By backing consultants such as David Giovannoni and the Station Resource Group, he advocated a more audience-minded approach to programming that built listenership while drawing criticism from some producers as well as advocates of community radio.
“He was very aware of public radio’s transformation from a subsidized to a self-reliant economy, focused on public service,” Giovannoni said. “Under his leadership and vision, CPB resources were applied in ways that they had never been before, and possibly never will be again.”
Madden broke with the stereotype of the desk-bound Washington bureaucrat by traveling the country to drop in on producers, visit stations and scout new talent. He noted that few other grantmakers would, as he once did, find themselves shoveling snow at a public radio outpost in Barrow, Alaska, the country’s northernmost city.
Violating a maxim of the times, he did take his work home with him. More precisely, he took it to his basement and the family car, where he listened to hours of recordings from applicants. Producers meeting Madden’s daughters for the first time were surprised to find that, though they didn’t know the two girls, the girls knew them, having grown up with their programs.

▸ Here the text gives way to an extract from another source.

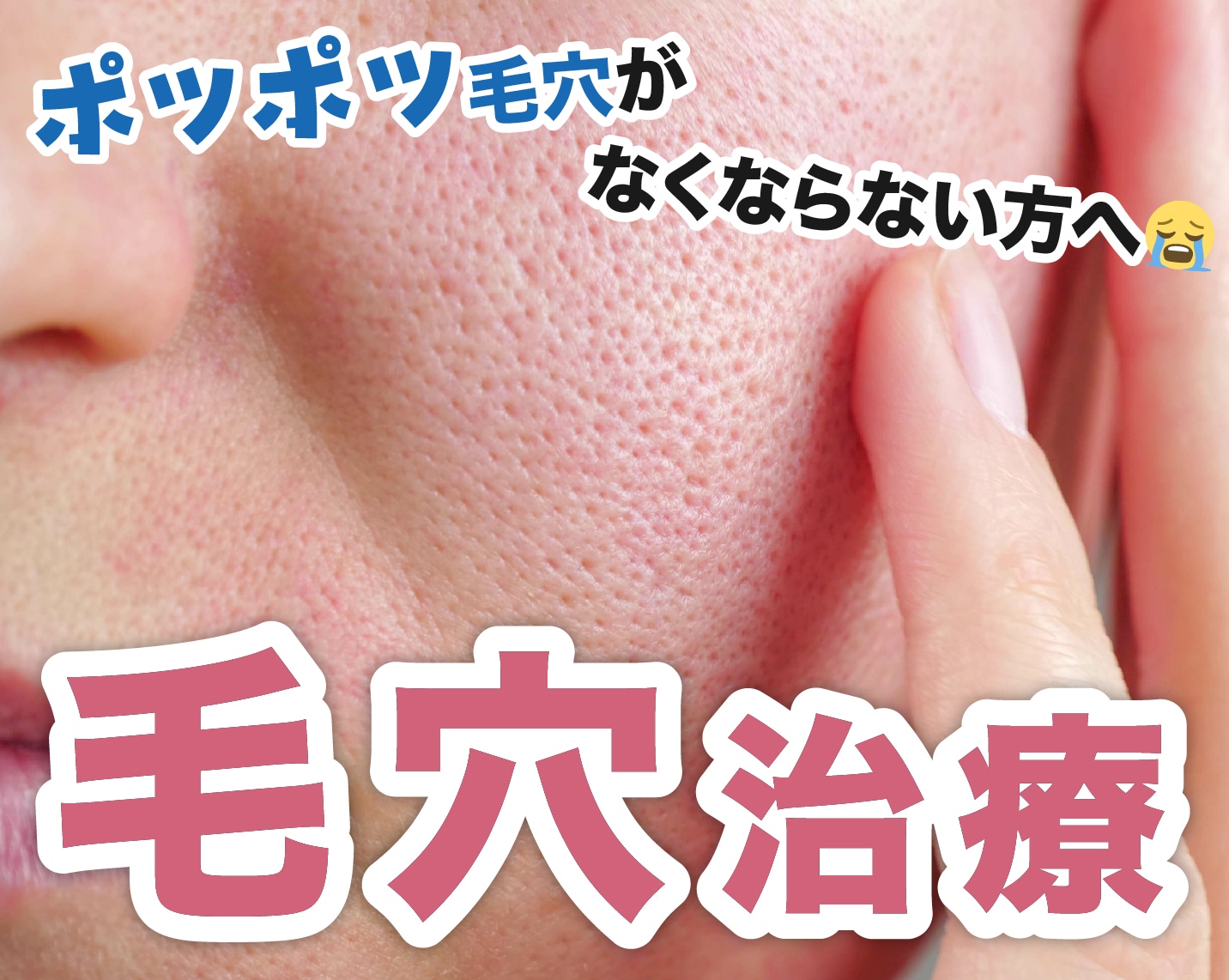 【熊本】もう毛穴で悩まない!毛穴治療11種類をわかりやすく解説♪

“These girls knew people’s work like other people know the lyrics to songs,” said Nelson.
She and others fondly remember Madden for his warmth, passion and a sense of humor that he enjoyed leveling at himself.

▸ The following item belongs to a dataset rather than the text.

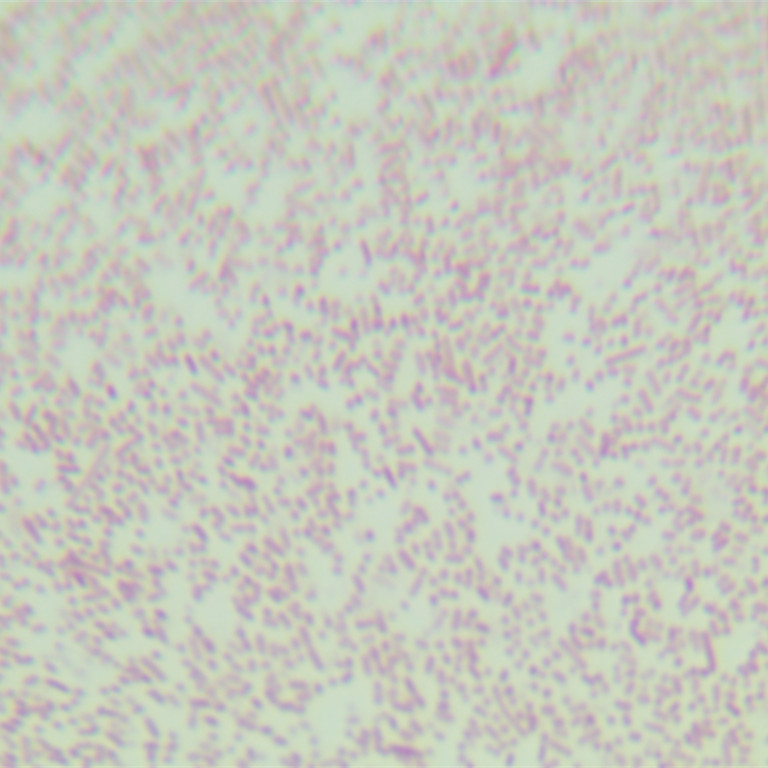 Haemophilus influenzae-BNCC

Larry Josephson, who often fought with Madden, remembered arguing with him over CPB’s support for World Cafe, a show Josephson thought did not deserve the backing it received.
They weren’t speaking, but Josephson received a fax: Madden’s own face mounted on a dartboard, sent by Madden himself.
“At the time when it was the worst between us, he faxed me the dartboard,” Josephson said. “It’s still up on my wall.”
Six months after his diagnosis of brain cancer, Madden joined fellow pubcasters at Giovannoni’s home for an evening in his honor. After dinner, Nelson recalled, the group decided to record Madden’s voice on one of Giovannoni’s antique cylinder recorders.
Nelson expected a speech, but Madden opted instead for a group sing-along — and led everyone in a rendition of “If I Only Had a Brain.”
“We were all so stunned, but everything with him had this humor,” she said.
Those who knew Madden also prized his generosity. He sometimes gave more than his grantees requested, knowing that they had underbudgeted or regretting that they would have to skimp on health insurance and other perks. When monologuist Joe Frank asked Madden for $35,000, Madden gave him more than twice that amount, recalled Josephson. [Earlier article: American Routes was another example.]
“Rick realized that Joe couldn’t do the project for the amount that was asked, and yet Joe was worthy of funding,” Josephson said. “So rather than give him what he asked for and let him fail, he gave him what he thought he should have. That’s a very sophisticated mind that could come up with that.”
When indies Barrett Golding and Scott Carrier sought funding, Madden upped their personal benefits by 25%. “It was the first and last time a funder has called to increase our appropriation,” Golding said.
It might seem inevitable that grantees would love a funder, but Madden’s beneficiaries say he became much more than a check writer to them by sharing his genuine enthusiasm for their work.
Independent producer Mary Beth Kirchner remembered a visit from Madden to announce her first grant from CPB. “The thing that I was struck by then, and with each subsequent grant, is how genuinely happy he was when he gave me the news,” she said. “He was almost as happy as you were yourself to hear that you had funding for some project you wanted to do.
“He found joy in letting that creative spirit free and saying, go and do it. I will never forget the two of us looking at each other — he was just so happy when I was happy.”
Madden’s funeral was to be held Feb. 25 at St. Mary’s Catholic Church in Rockville, Md.